Landry et Bécart étaient mal ensemble, très mal — au point qu’ils ne s’injuriaient plus et qu’ils affectaient de ne pas se connaître. La figure de Landry ne rencontrait jamais que le dos rond de Bécart, tandis que Bécart passait ses yeux sur Landry, comme s’il regardait au travers. Une telle ignorance l’un de l’autre chez deux voisins est plus grave qu’une dispute.

Cela datait de trois ou quatre ans avant la guerre. Landry était le richard du pays, celui dont les hautes granges encerclent une basse-cour mouvante, des écuries à la chaude haleine, de larges fumiers, signe de prospérité. Confiant dans la force du sol qui alimentait sa vie comme une source généreuse, il dépensait aisément et il aimait à soulever un peu de poussière autour de lui.
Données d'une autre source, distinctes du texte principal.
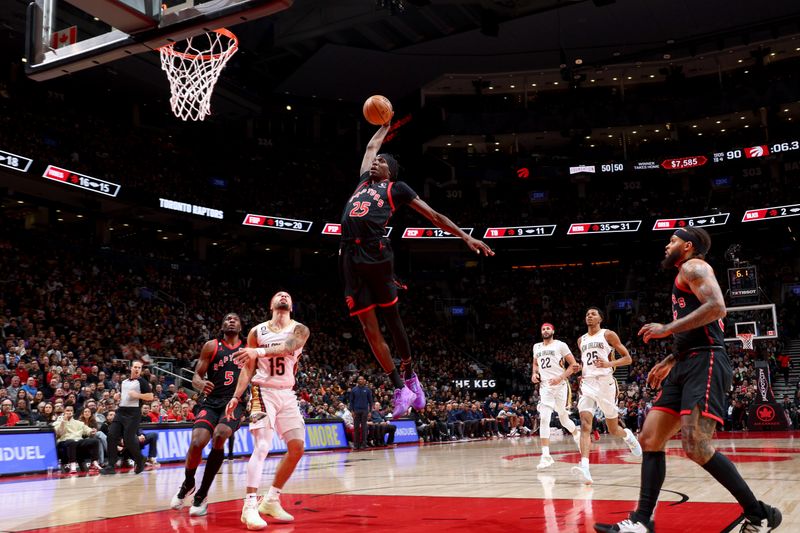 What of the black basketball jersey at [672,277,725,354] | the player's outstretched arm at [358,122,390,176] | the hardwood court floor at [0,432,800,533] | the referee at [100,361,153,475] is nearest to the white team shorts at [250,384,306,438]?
the hardwood court floor at [0,432,800,533]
Bécart était entré dans le monde par la porte de hasard. Journalier, pêcheur, braconnier, gars de batterie, il avait un jour, au milieu d’autres sottises, commis celle de se marier. Sa femme répandit au long des années des séquelles d’enfants. Dans une méchante cabane, tous ces mal lavés insultaient maintenant, par leurs cris et leurs guenilles, la demeure soignée et les nobles grilles de la ferme…

Il n’y avait plus de sécurité pour les prunes, et si les haies permettaient parfois aux poules de s’égarer chez Bécart, elles les empêchaient toujours d’en revenir. C’était une maison de désordre et de pillage, avec des filles en cheveux, criardes, sur le seuil — et des nichées d’enfants sales. À certains moments, il en sortait de toutes les ouvertures, à moitié nus, qui se tordaient comme des vers. On ne distinguait pas ceux qu’avaient ramenés les filles de ceux qui appartenaient au père.

— C’est-t-honteux, monsieur, disait Landry.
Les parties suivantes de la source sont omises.